Stop the presses! Word comes this evening of a possible new impact on Jupiter observed by amateur astronomer Dan Peterson of Racine, Wis. He saw “a bright white two second long explosion just inside Jupiter’s eastern limb” at 11:25:30 Universal Time (6:25 a.m. CDT) on September 10. Peterson was using a 12″ telescope at a magnification of 400x. The brief flash was located inside the southern edge of Jupiter’s North Equatorial Belt (NEB).
In an amazing bit of serendipity, George Hall, an amateur astronomer from Dallas, Texas, was also observing Jupiter at the same time and recorded a bright flash with a webcam mounted on his 12″ telescope at about 6:30 a.m. CDT.

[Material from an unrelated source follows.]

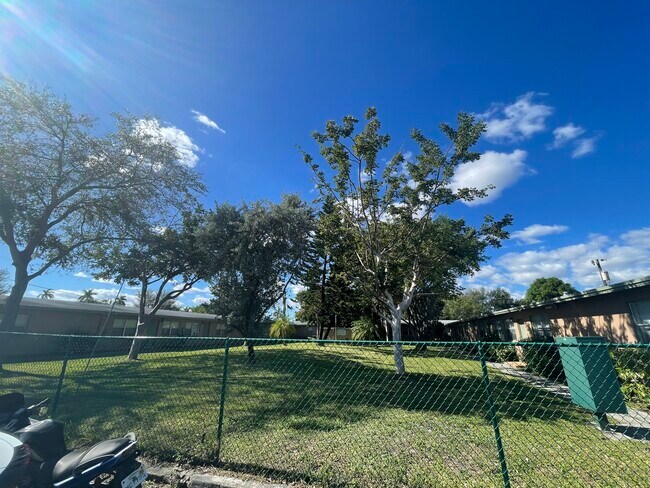 Foto del edificio - 5461 Ravenswood Rd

If the impact is real, we should see a dark “sooty” cloud develop in the aftermath of the burnup/explosion similar to dark spots that developed after earlier hits by Comet Shoemaker-Levy 9 in 1994 and smaller ones in 2009 and 2010.
Amateurs who’d like to confirm these observations are urged to look at Jupiter at the earliest opportunity. The impact location is at System I longitude 335 degrees, latitude +12 degrees north. You can download Meridian to help you find out when that location is best visible from your time zone.
You can also use this frame grab from Meridian (left) with the approximate location of the flash shown by the white box. The possible impact zone will face observers tomorrow morning around 4 a.m. CDT (5 a.m. EDT, 2 a.m. PDT) when Jupiter is well placed for viewing high in the eastern sky.
GRS in the illustration stands for Great Red Spot, which is currently very pale pink.